Megan had a big sit down with me a few months ago about
our my overuse of the word “hipster” in real life and Bingeworthy posts. She said just because you live on the East Side of Los Angeles, wear vintage clothes you pretend not to care about and can identify the lineage of a mixologist by the angles of their ice cubes, it doesn’t classify you as a hipster. We had this conversation at The Varnish, where en vogue bartender, Marcos Tello, was working, and Megan wanted to show me this sweater she just bought that came with a cigarette burn hole in it.
I really despise this oft used overly casual phrase. Example: I say to my waiter, “May I get a glass of water when ya get a sec?” His response, “No worries, man. I’ll be right back with your water.” Guess what….I REALLY WASN’T THAT WORRIED ABOUT IT! I hadn’t lost any sleep over it and I am not currently choking. So how about this instead. “Sure, I’ll be right back with your water”. Also, it is almost always a male server who says “no worries”. Like he needs me to know he is really cool and chill. Cuz I care.
White Guys With Dredlocks
This obviously is not a word or a phrase and it has nothing to do with food or Bingeworthy. I just hate them.
If you are twelve years old and are the executive chef of a Michelin star restaurant then yes, you are a Wunderkind. Otherwise, you are just a “talented young chef”.

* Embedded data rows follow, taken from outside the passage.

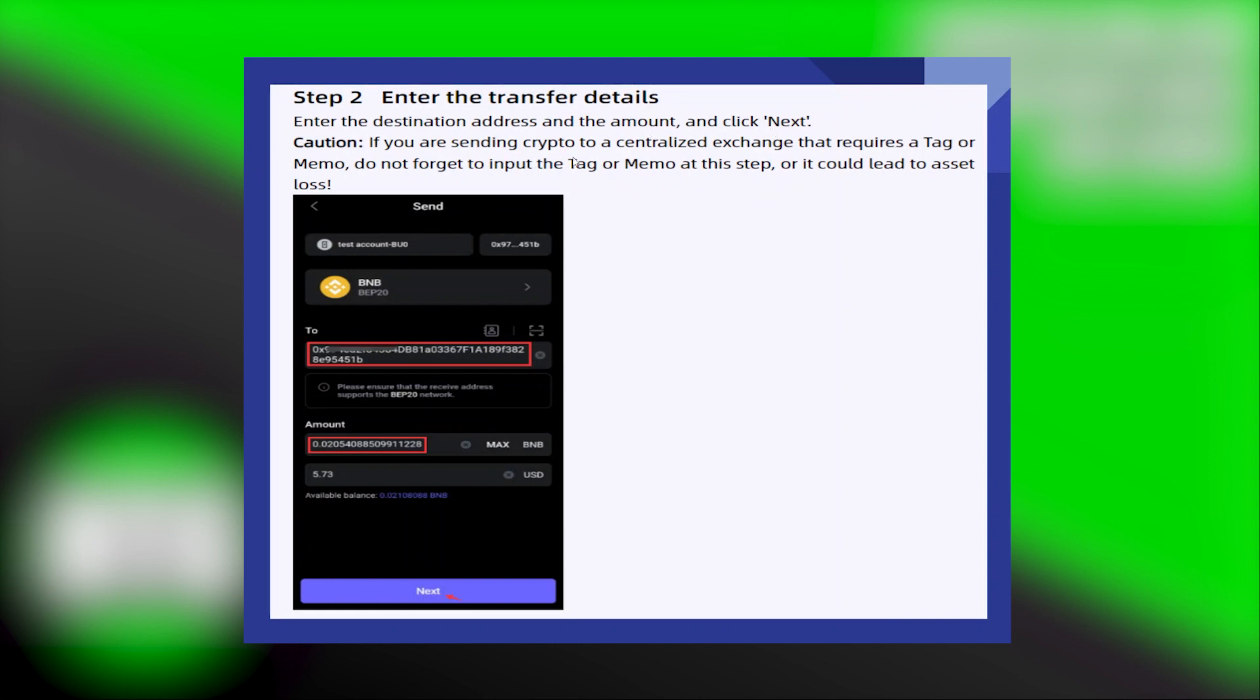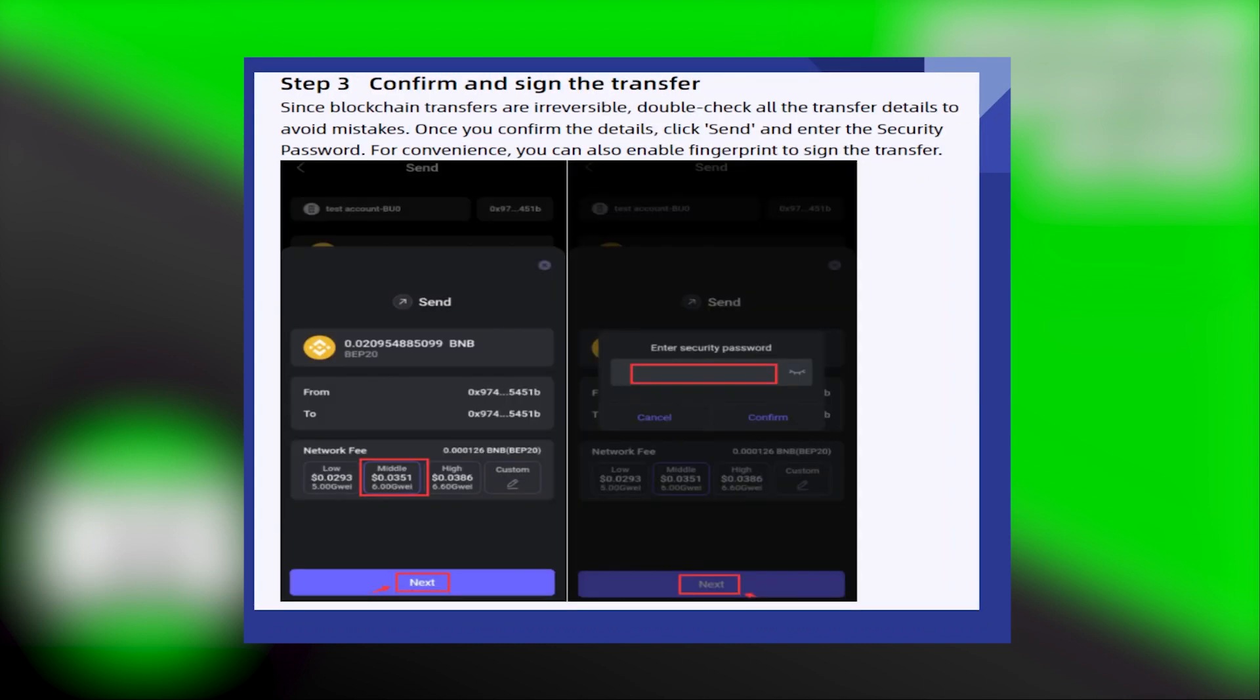If you are sending crypto to a centralized exchange that requires a tag or memo, don't forget to input the tag or memo at this step or it could lead to asset loss. Since blockchain transfers are irreversible, double check all the transfer details to avoid mistakes.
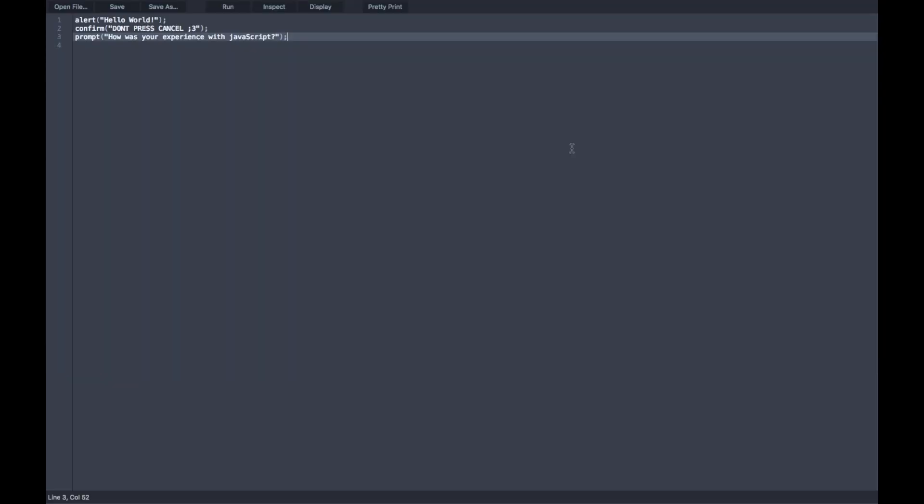Anyways, to cap off this video, guys, we are going to review our three simple commands: alert, confirm, and prompt. Alert basically gives you a text popup. Confirm gives you the option of cancel with the option of okay. And prompt prompts the user for an answer which they will put in the text box.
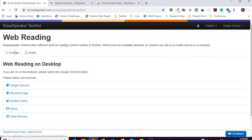First, let's look at adding an extension to the Chrome browser. Select the Desktop link and then click on Google Chrome.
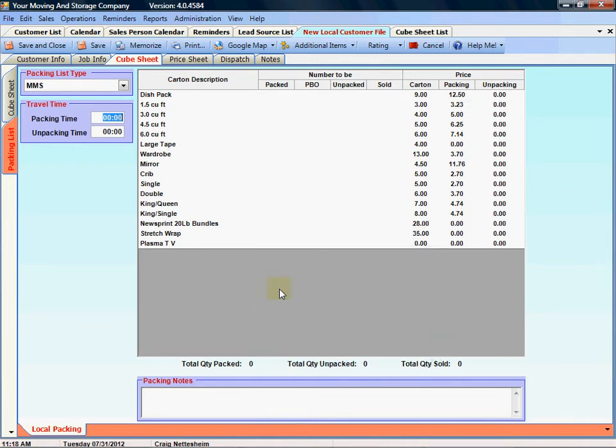Welcome to Mr. Mover Manager Help. Today we're going to talk about the customer file packing list.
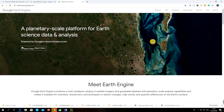Hello everybody. I'm going to show you how we can use the Google Earth Engine platform to produce image-based classification with machine learning algorithms, without having to install any software.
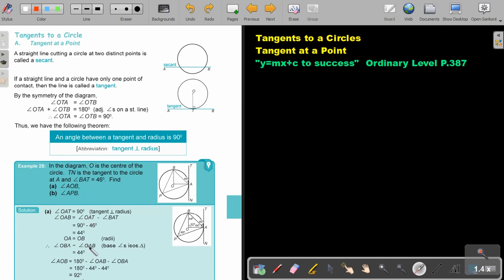Let's look at example 28. In the diagram, O is the center of the circle. TN is the tangent to the circle at A, and angle BAT is 46 degrees. Find angle AOB.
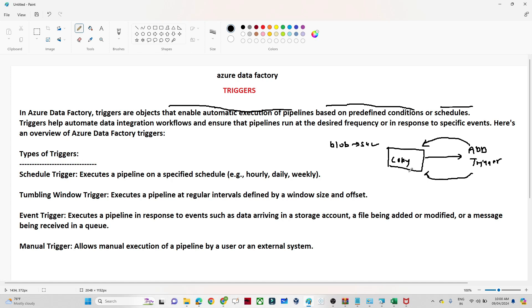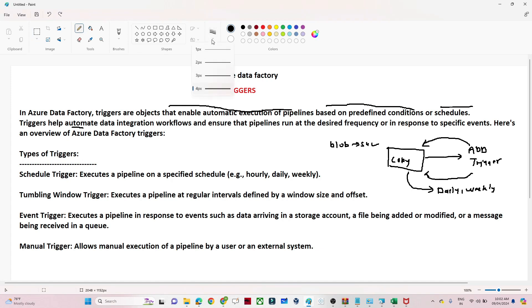Now suppose you have a scenario where you have to run this pipeline automatically — on a daily basis, weekly basis, or monthly basis — and you don't want to do it manually. In that case, we have other types of triggers. So let's understand what the different types of triggers are.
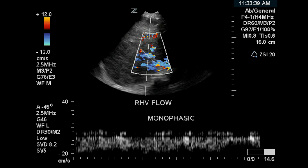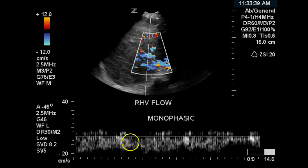This is an image of the right hepatic vein and this is abnormal flow. There is almost continuous flow here. There is no evidence of an atrial kick. There should be phasic or pulsatility flow within this vein.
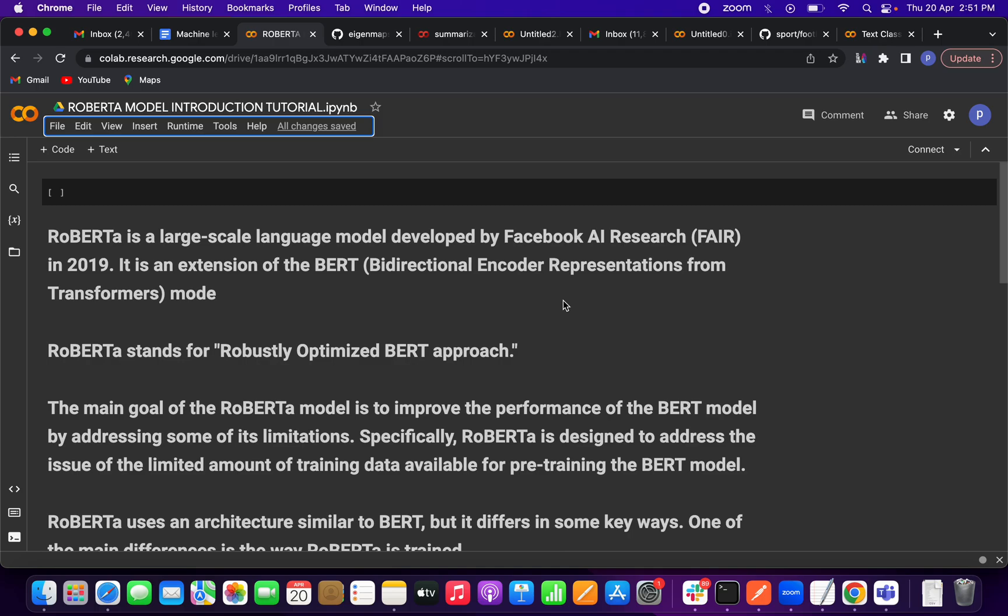Today I am discussing the RoBERTa model, which is a very famous model in NLP tasks. RoBERTa stands for Robustly Optimized BERT model. It is an extended version of the BERT model.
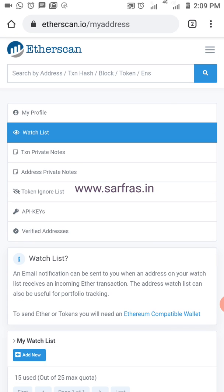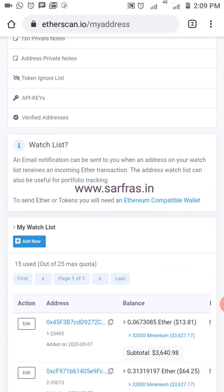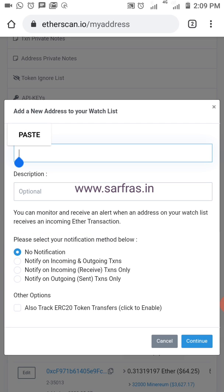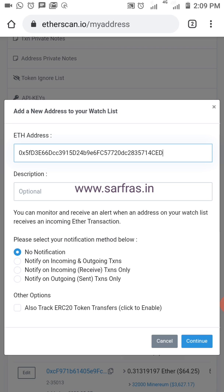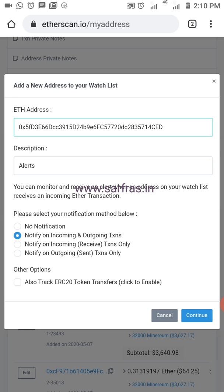Let's see how to create alerts. What you need to do is add a new address — I already have an address on my clipboard so I'll just paste it, and I'll set the description as 'alerts'. You can see you can receive alerts here. There is a limit of 200 email alerts per day, so you won't be getting more than 200 alerts.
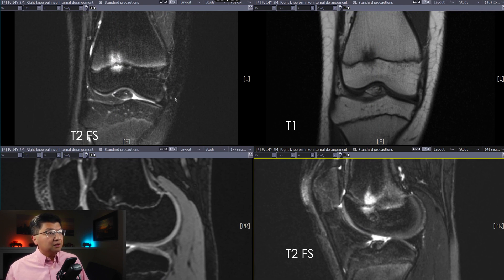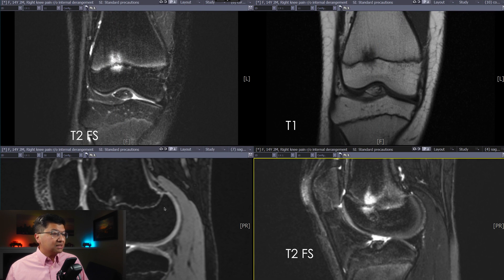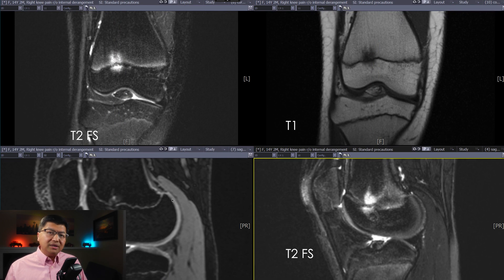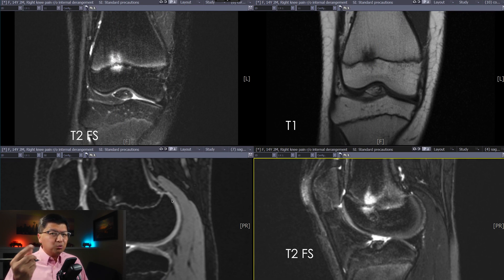That drives home the message of what we're looking at. Here we have a T1-weighted sequence. Here we have a dual-echo-steady state, or DESS sequence, which is a T2-weighted sequence that's gradient and acquired in very thin slices, typically 0.6, 0.7 millimeters.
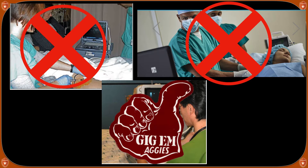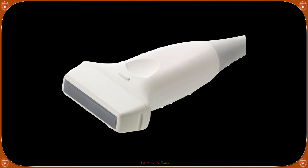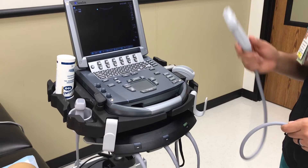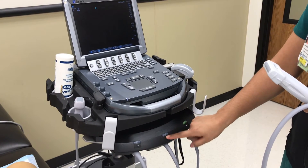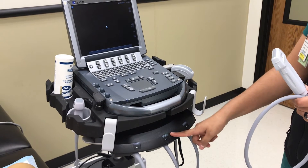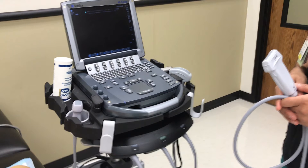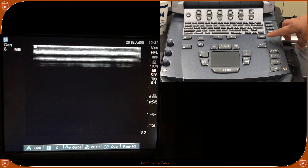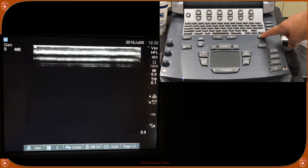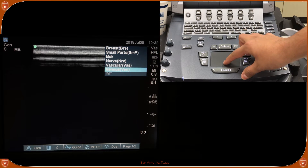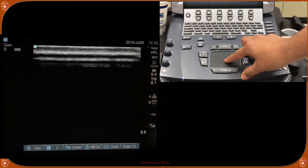Now let's talk about what probe to use for central line placement or a peripheral IV. We want to use the linear probe — a higher frequency probe that brings out the definition of superficial structures including veins, arteries, and nerves. On the m-turbo, select the button where the linear probe is connected, indicated by the green flashing light. Once you select the appropriate probe, click the exam button and bring up the vascular preset, which enhances vessel definition. Select it using the mousepad.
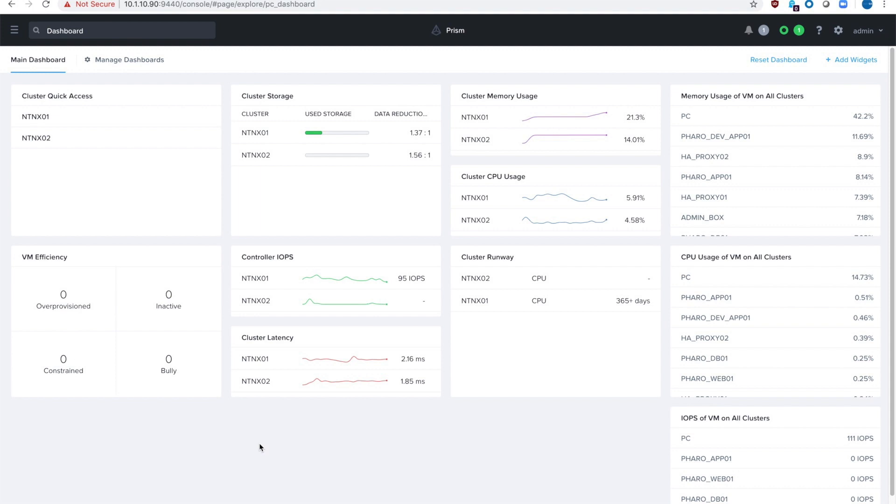We're playing with two clusters that both have Nutanix Flow enabled and they're all managed through the same Prism Central instance. We're going to actually show that Nutanix Flow's security policies follow virtual machines regardless of which cluster or host they're on. Even when things are on the same network you can still block traffic or allow traffic.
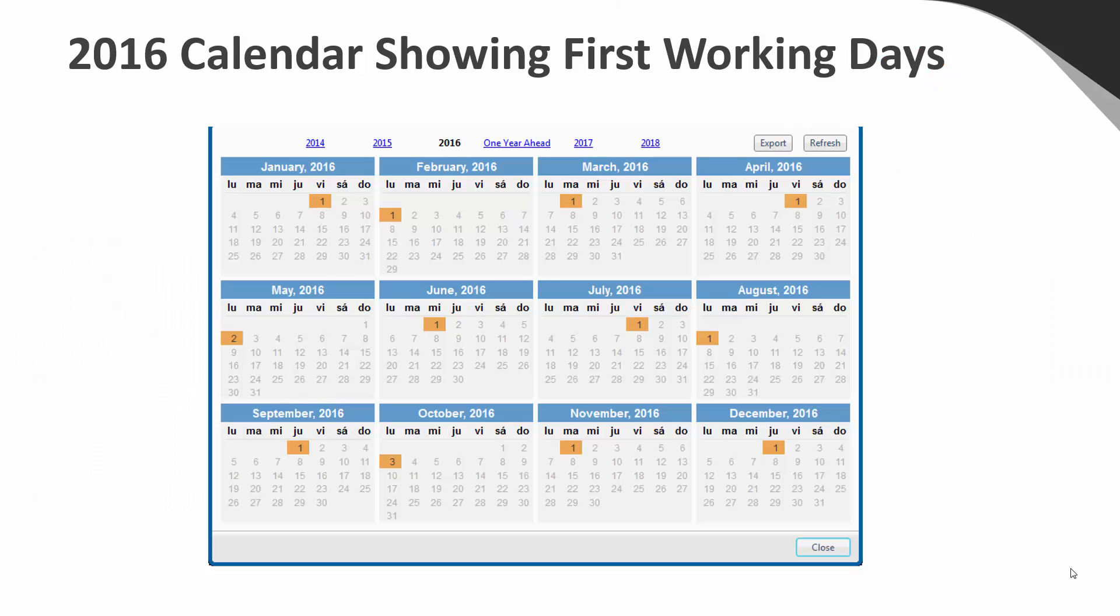Here you can see a 2016 calendar showing the first working days. Every day of the week is at least once the first working day, and in some instances, the first calendar day of the month falls on the weekend. The solution I'm going to demonstrate here is based around a standard Monday through Friday working week.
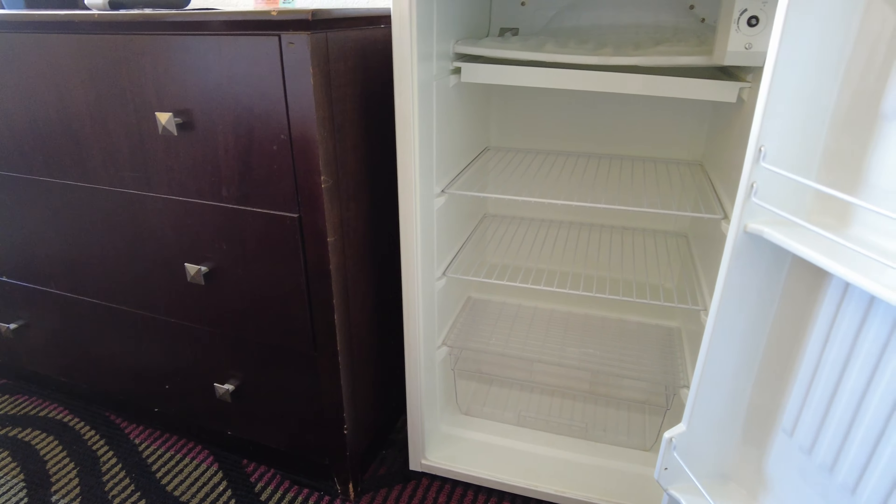Over here we have the closet area. In the closet you get six coat hangers, the theft-resistant kind, and you also get an iron and ironing board. And there's an extra pillow usually up top I needed to use that.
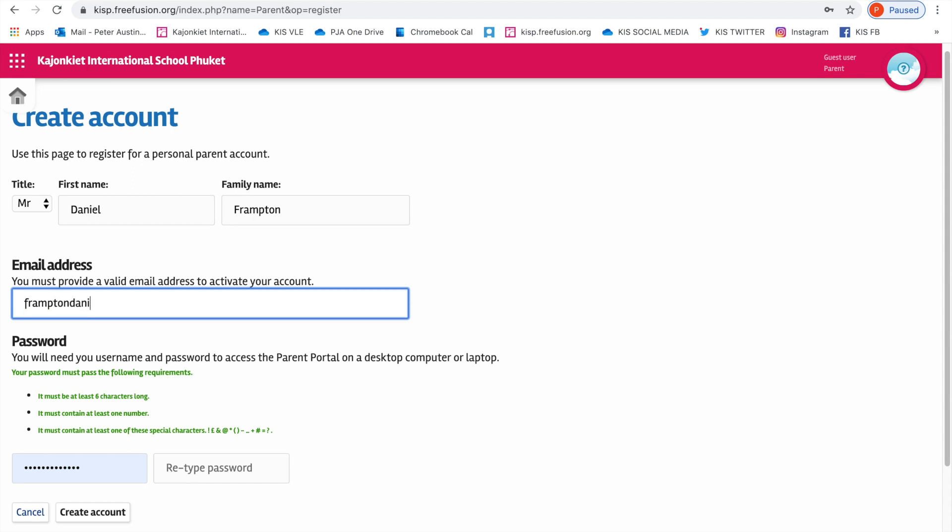This isn't a proper email address by the way, or even a proper person. This is just to give you an example.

I dunno… just call it something else.
MERRY CHRISTMAS AND HAPPY NEW YEAR!!!
This is Megan. Cory likes to tell fake stories about me, like the one in which we were at the Varnish together on a night Marcos Tello was working (I was there alone), or the one in which I bought a sweater with a cigarette burn hole (it’s a regular hole on top of a stain). Or the epic lie in which our legit douchey bartender at Bow & Truss had a moustache (it was just a disgusting 5 o’clock shadlow). That last sentence was a little preview of words I need to excise from my own vocabulary. I’ll confess my sins and set the record straight next week.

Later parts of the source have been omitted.